SkyFuel’s VP of business development, Christopher Huntington, compares his solar startup’s strategy to the tortoise, in the old tortoise and the hare story. He says while many young solar thermal startups are racing to rush next-generation, unproven technologies to market, SkyFuel is working on dramatically lowering […]

SkyFuel’s VP of business development, Christopher Huntington, compares his solar startup’s strategy to the tortoise, in the old tortoise and the hare story. He says while many young solar thermal startups are racing to rush next-generation, unproven technologies to market, SkyFuel is working on dramatically lowering the cost of an established solar-thermal technology that’s been used for decades: trough-shaped solar concentrators.

While most parabolic troughs are made out of glass, SkyFuel’s, called SkyTroughs, are made from the company’s own ReflecTech film material — sort of like mylar but sturdier. SkyFuel developed the material while working with the National Renewable Energy Laboratory (NREL) and the company claims it can bring down the cost of a solar system by 25 percent. On Oct. 10, at an event in Arvada, Colo., SkyFuel plans to officially announce its troughs are available for customers to purchase.

Unlike many of its competitors, Huntington says that SkyFuel will partner with power-plant builders and utilities and doesn’t plan to own any of the power plants itself. Many startups, like Ausra and BrightSource plan to build and own solar plants and sell the power from the plant in a power purchase agreement (PPA). SkyFuel doesn’t want to compete with the power plant builders: “We’re like Intel, with Intel inside powering the technology,” Huntington explains.

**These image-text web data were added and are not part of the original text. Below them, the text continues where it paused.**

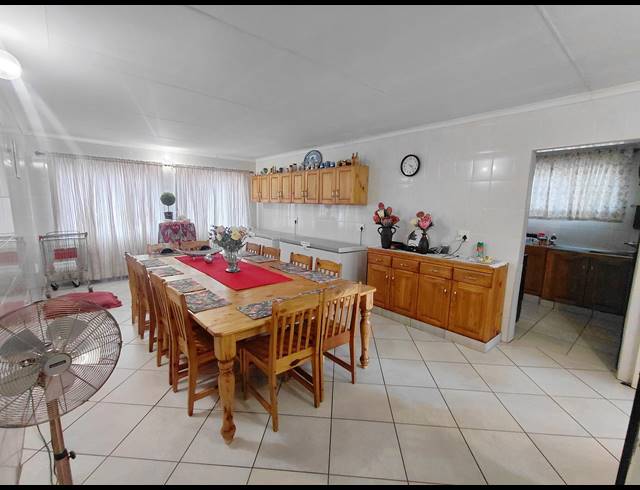 4 BEDROOM FREESTANDING FOR SALE IN MOKOPANE CENTRAL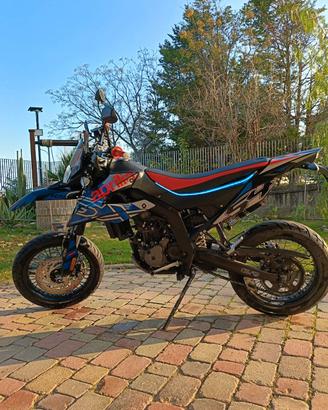 Aprilia sx 125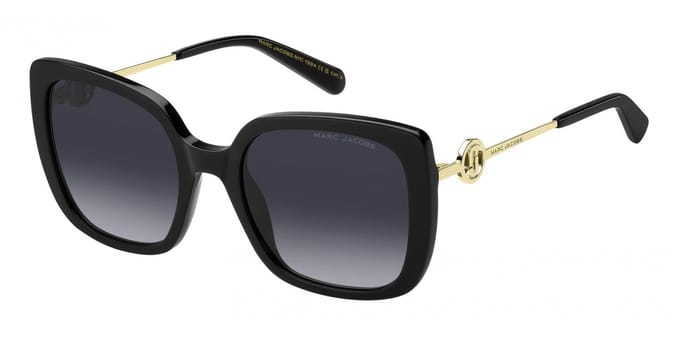 Marc Jacobs MARC 727/S Black 55/21/135 WOMAN Zonnebrillen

The approach could offer a few advantages for the company. By acting as a technology supplier, not a project developer, SkyFuels can keep its capital costs low. That could position the company favorably in today’s challenging economic climate. The company is backed by a $17 million Series B round led by Leaf Clean Energy Company announced in April, and grants from the DOE the New Mexico Energy Innovations Fund. Though SkyFuel isn’t as well-funded as competitors eSolar, Ausra and BrightSource. The company says it aims to raise another round next spring.

Avoiding owning and operating plants also means that the company can get its gear into more of the plants being built by independent developers, like Cogentrix Energy. Huntington says the company is in serious talks with 10 companies and drawing up plans for plants with five or six of those. Huntington hopes that by Oct. 10 the company will be able to announce at least one of those customers.

Out of more than a dozen solar-thermal companies that have emerged in the last few years, SkyFuel seems to be one of the most realistic and business savvy of the bunch. Keep costs low and supply customers with a cheaper version of a tried and true technology, while working to perfect a next-generation technology. The company doesn’t even have plans to build factories to produce its own equipment, like other startups have announced recently, and is working with longtime manufacturing companies to get its ReflecTech material made.

The approach isn’t without challenges, however. Other startups that are going the PPA route have the benefit of working with utilities, who want to announce their solar goals to gain PR and demonstrate progress toward meeting state renewable portfolio standards. For example, PG&E has announced solar plans with Solel (also building trough technology), Ausra, BrightSource and solar PV providers SunPower and OptiSolar. Competitors that are already claiming breakthroughs for the next generation of solar thermal technology could also have an advantage just by getting to market earlier.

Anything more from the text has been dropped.